The use of the words ‘dead’ and ‘alive’ was of course metaphorically. As Antoine Isaac pointed out: “The very idea of an archive is that you’re ready to accept a lower level of accessibility of stuff in exchange for longer-term preservation of it.” Btw. Antoine is working in the Prelida project [7] one of whose purpose is to inform the LD community of Digital Preservation techniques. A very relevant project for this topic!

Archiving: human or machine processing?

The proponents of archived LD dumps assume that, when the data will be used at a later point in time, human agents (e.g. historians) will be needed to add context. This may conflict with the machine-processable nature of SW data, although some of the context may be stored as well using a dataset description language [8].

Antoine observed that one of the reasons why the question of how many context to include in archiving LD arises since context data is so easy to obtain for it (e.g. using automated crawling methods) when compared to e.g. offline content.

Archiving URI meaning / context

Another interesting point is the question as to how much context needs to be stored in order for archived LD to be able to retain its original meaning. This depends on the theory of meaning one adheres to w.r.t. the SW. Memento’s [9] approach is to archive the dereferenced content. Implicit in this approach is the assumption that the meaning of a resource can be given in a local description. We see this assumption formulated in the COOL URI Interest Group Note [10]: “[A dereferencing] look-up mechanism is important to establish shared understanding of what a URI identifies.”

An alternative view is that the meaning of a URI is determined by the set of inferential roles of triples in which the URI occurs.[11] In this case all triples related to the archived triples must be stored as well in order for the resource’s meanings to be (fully) retained.

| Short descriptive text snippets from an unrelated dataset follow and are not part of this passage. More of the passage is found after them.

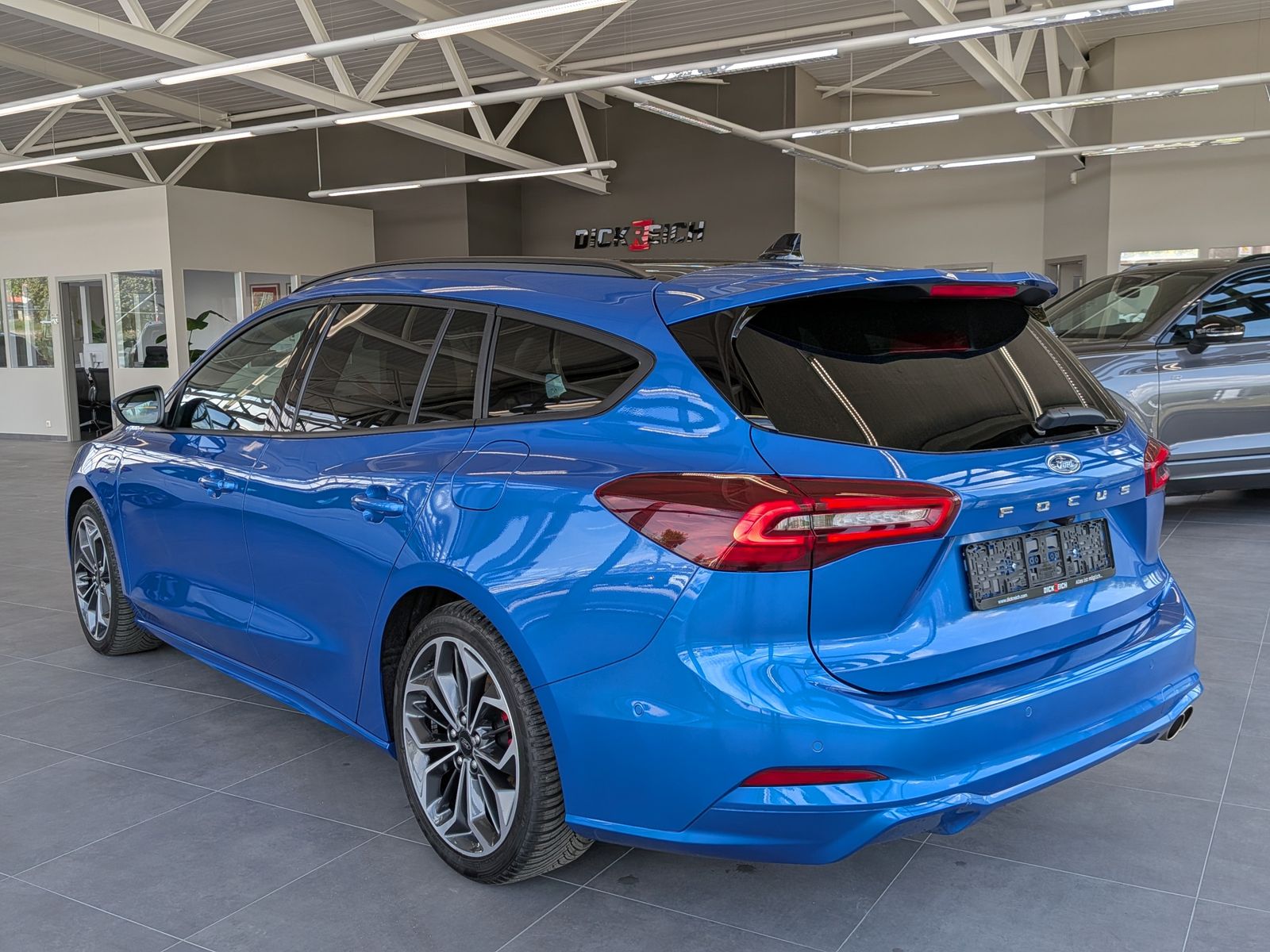 Fahrzeugabbildung Ford Focus ST-Line X Styling Matrix B&amp;O Pano 18"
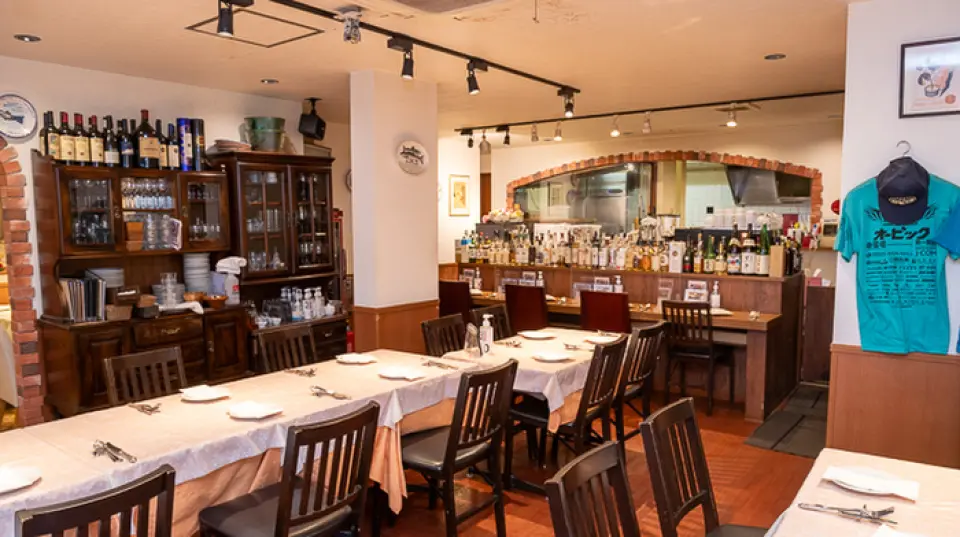 The restaurant has a charming trattoria-like atmosphere that can be enjoyed by people of all ages. The decorative picture plates in the restaurant also give off a warm feeling. There are counter seats and table seats available. You can enjoy your meal with your dog on the terrace where the breeze is pleasant. Please use it for a variety of occasions such as dates, family meals, and large gatherings!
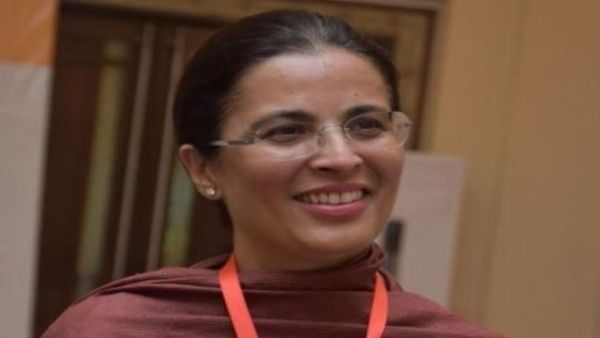 Ayesha Malik 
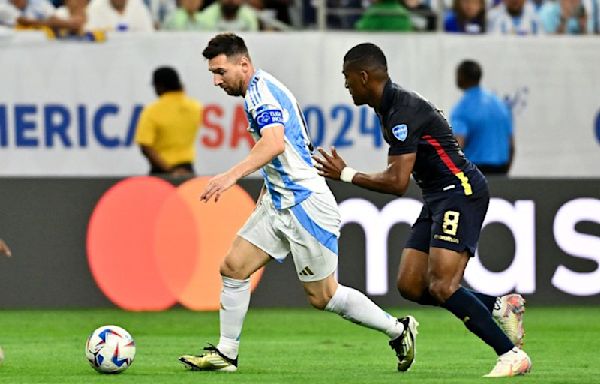 Soccer-Messi fit for Copa America semi-final against Canada, says coach Scaloni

Archiving LD by archiving HTML pages

Ed Summers wrote a blog post [12] recently in which he explains how ‘traditional’ Web archiving may be used for LD archiving. If RDFa or Microformats are embedded in an HTML Web page, then this data can be extracted from the stored HTML.

Dataset availability

Archiving multiple versions of a dataset is obviously very difficult. Christophe Guéret pointed to a discussion at the open-government mailinglist regarding the US government shutdown [13] as an example that it is even difficult to reliably disseminate the latest version of a government-backed dataset. (On a related note, we have seen difficulties in the teaching context as well, where a remote dataset goes offline in the midst of a course in which students are querying that dataset for the applications they develop.) In cases such as the US government shutdown, important datasets may go offline overnight causing issues both for applications that depend on them and for other dataset that link to them.